All disruptive changes to existing machinery will inevitably cause hardship and pushbacks. Throughout the process, we learned a few lessons:
- Leave room for teams to define team-specific best practices. For instance, our Integrations team had a lot of external dependencies that created a large number of noisy alerts and required extremely detailed, team-specific documentation so that each on-call engineer could ramp up and work on specific integration issues quickly. Their on-call engineers not only had to handle pages, but also a lot of internal questions in various channels due to the intricate details of integration systems. The team iterated on their own on-call experience, expanded their on-call responsibilities and had more generous time allocation for their on-call engineers.

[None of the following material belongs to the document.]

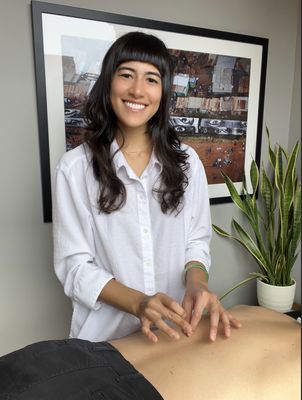 Emma Sulkowicz Acupuncture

- Avoid creating overly specific metrics which lead into the realm of micro-management. Initially, to make sure on-call engineers were actively working on each ticket when a page triggers, we introduced a new SLA metric that tracks “time to triage” on top of the existing “time to resolve” SLA. This metric quickly became obsolete as the “time to resolve” metric was already capturing the resolution speed that users perceived, and “time to triage” caused unnecessary mental overhead.
- On-call problems need to be solved in the context of team management processes. For example, on-call engineers often had difficulty completing on-call work when the team roadmap was tightly planned without enough buffer for product maintenance work. We later aligned with engineering managers to work with their cross-functional partners and allocate enough time for on-call engineers during roadmap planning, and regularly asked each on-call through the on-call happiness survey if their team is providing enough resources and time allocation for their work.
Developing a healthy and effective on-call process is an organization-wide effort. We quantified the ideal state with metrics and brought visibility into system health and on-call impact. We enabled on-call engineers to effectively do their work with education and tooling. We listened to our engineers and kept improving the process, trying to avoid unnecessary operational overhead. We went to the root of the problem and attempted to solve engineering quality issues with a broader lens. We are only at the beginning of the journey, and we will continuously build towards to a culture of shipping product with high-quality, and always putting customers first.
Many appreciations to Jimmy Zhuang and all of our on-call champions for contributing to this effort and making Zip product more stable and available!